In traditional systems, the processing of control information is done by a Central Processing Unit (CPU) and can not begin until the entire cell/packet is received. The latency of such a system is dependent upon the transfer of data from an I/O port into memory, the accessing of the control information located at the beginning of the data, the updating of that control information, and the transfer of data from memory to an I/O port. All of these accesses to the shared memory result in substantial bus and memory contention, which increases the latency. The latency is large in this kind of architecture because the processing of the control information cannot begin until the entire packet/cell is received. Other items that result in increasing latency include supporting Quality of Service (QOS) and multicast. QOS requires maintaining multiple queues for each I/O port, thereby increasing the number of accesses to an already overworked memory. Multicast requires sending the same packet/cell to multiple I/O ports, and again, this increases the number of accesses to an overworked memory.

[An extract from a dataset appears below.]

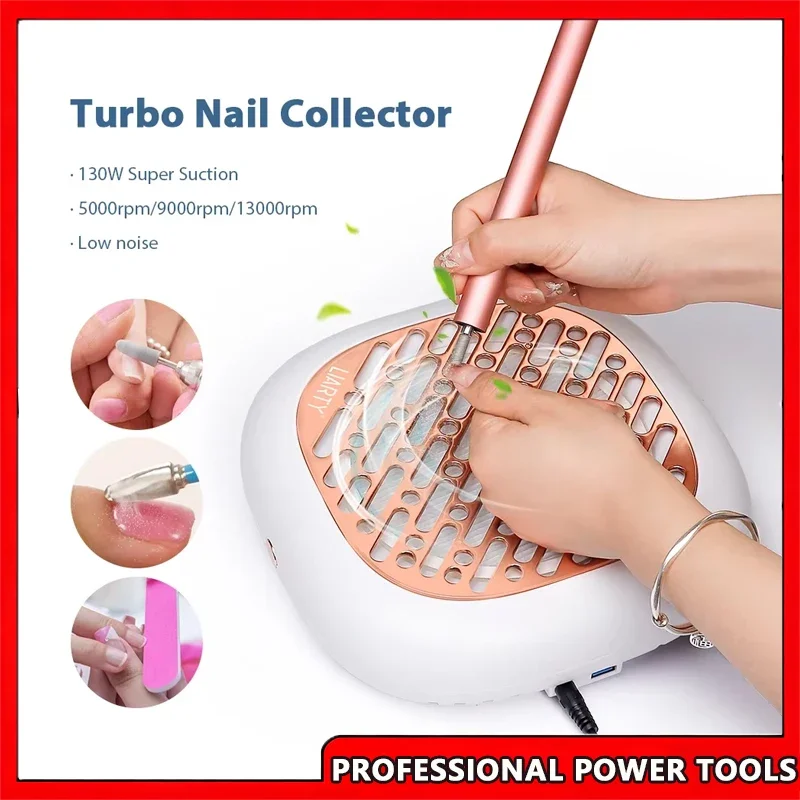 

130W Super Suction Brushless Nail Dust Collector Powerful Nail Dust Extractor Nail Art Manicure Fan Vacuum Cleaner With 2 Filter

Still another factor in the determining of the latency of a system is the throughput of the shared memory. If the throughput of the shared memory is not very high, then the latency is increased accordingly. In general, to support full bandwidth, the memory throughput needs to be equal to two times the port speed times the number of ports. This, however, does not account for all the other accesses that must be performed to the same shared memory, thereby requiring the memory throughput to be even higher to minimize latency and to achieve high bandwidth through the system. As more ports are added and the speed of each port is increased, moreover, the latency is increased proportionally. Increasing the throughput of the shared memory system therefore becomes a very difficult problem.
As will subsequently be demonstrated, most conventional networking systems operations inherently forbid attaining zero or near-zero latency. In accordance with the present invention, on the other hand, through use of a novel dual path data processing and management of packet/cell architecture, optimally minimized latency can at last be achieved.